There is also an alternative way to handle this latent difference with the original paper that should also work :

Instead of working in voxel color space, you push the latent to the voxel (Aka instead of having a voxel grid of 3d rgb color, you have a voxel grid of dimlatent latents, (you can also use spherical harmonics if you want as it works just the same in nd) ).

Only the color prediction network differ, the density is kept the same.

The NERF then directly render to the latent space (so there are less rays to render) which mean you need to decode it with the VAE only for visualization purposes and not in the training loop.



This sounds really interesting but I’m not sure I follow. Having a hard time expressing how I’m confused though (maybe its unfamiliar nerf terminology) but if you have the time I’d be very interested if you could reformulate this alternative method somehow (I’ve been stuck on this very issue for two days now trying to implement this myself).


NERF is neural radiance fields (the neural 3D reconstruction method that nVidia published recently.)

Basically if I’m reading it right, this does the synthesis in latent space (which describes the scene rather than rendering vocals) then translates it into a NERF. It sounds kind like the Stable Diffusion description that was on here earlier.


Do you have refereneces to NeRF papers that can directly compute the field in the latent code? Because it NeRF based methods are essentially performing solving the rendering equation to learn the mapping, what could be alternative equation for directly learning latent code?
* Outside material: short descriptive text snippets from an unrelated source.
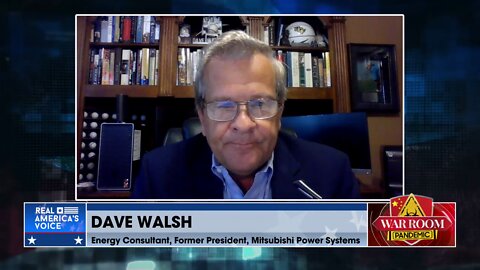 Dave Walsh: Gas and Electricity Crises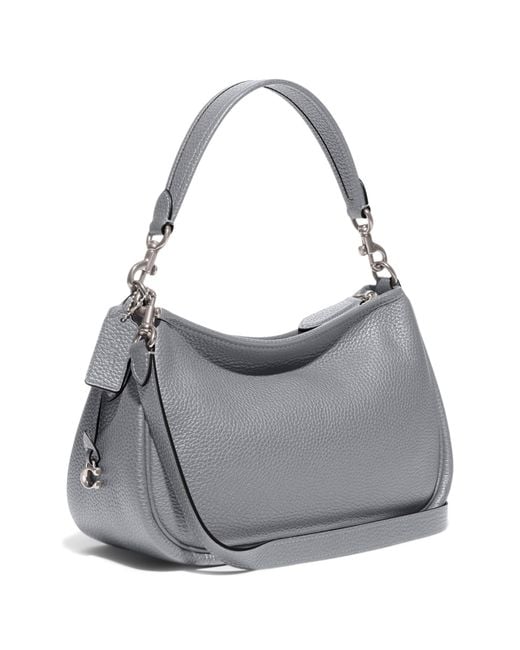 Gray crossbody cheap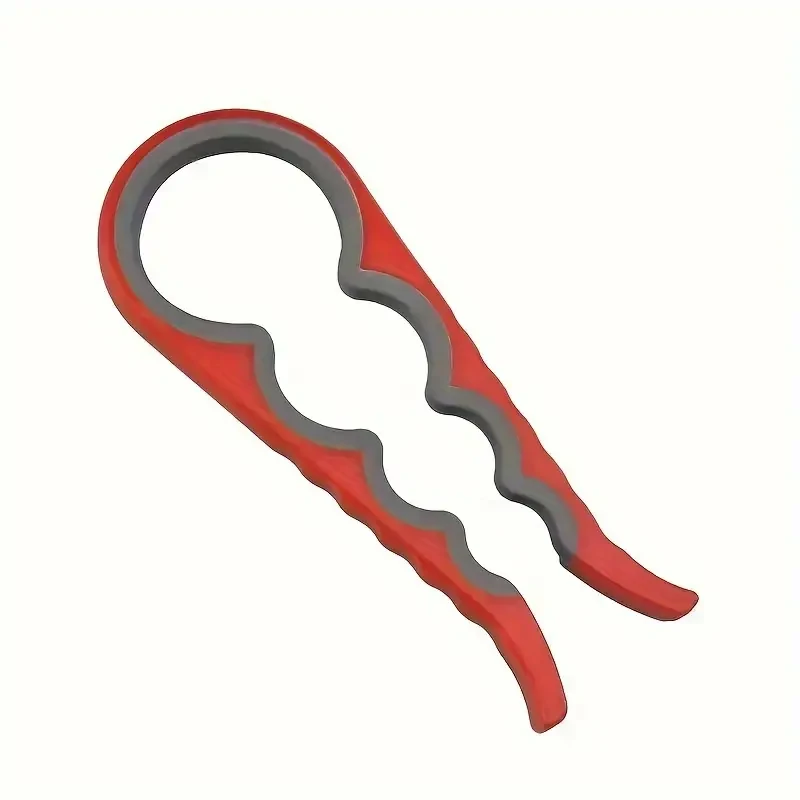 4-in-1 Ergonomic Easy Can Opener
Your idea is interesting, could you elaborate on it!


Sorry no references for NeRF papers. But the idea is not new. My experience was originally with PointClouds and 3d keypoint-feature slam.

In these, you represent the world as a sparse latent representation, collection of 3D coordinates, and their corresponding SIFT feature descriptor. You rotate and translate these keypoints to obtain a novel view of the features in 2D image. (The descriptor can be taken as an interpolate of the descriptors weighted by the difference in orientation between views as features only match for small viewing angle difference (like 20°) ). And then you could invert features to retrieve a pixel-space image (for example https://openaccess.thecvf.com/content_cvpr_2016/papers/Dosov... ) (although it's never needed in practice.

Coming back to NERF, it's the same principle. When your NERF has converged, if you don't have transparent object, along the ray the density will be 0 except when you intersect the geometry where only a single voxel will be hit in which case you fetch the latent stored in the voxel latent (spherical harmonics) from the direction given by the ray during the training with a latent image.

The rendering equation is still the same but instead of rendering a single ray, it would be analog to rendering a group of close rays in order to render a patch of image, of which the latent is a compressed representation. You have to be careful not to make the patch too big, because like with a lens in the real world, spherical transform flip the patch-image upon translation, but neural network should transparently handle this.

The converged representation is an approximation based on linear approximation and interpolation along positions and ray direction, provided that you have enough resolution, you can construct it manually from the solution and see how it behaves in the rendering.

Will the convergence process work ? It will depend on how well latent mix, along a ray. The light transport equation is usually linear, and latent usually mix well linearly (even more so when weighted by a density), But in the case it doesn't mix well you can learn a mixing of latent rule that help it converge.

Also once you have a latent Nerf, it won't allow you directly to obtain a STL/obj directly but you should have 3d consistent views from which you could render a classical NERF, but you can/should also instead optimize for the classical voxel grid, that fit the latent voxel grid (aka that give the same image patches).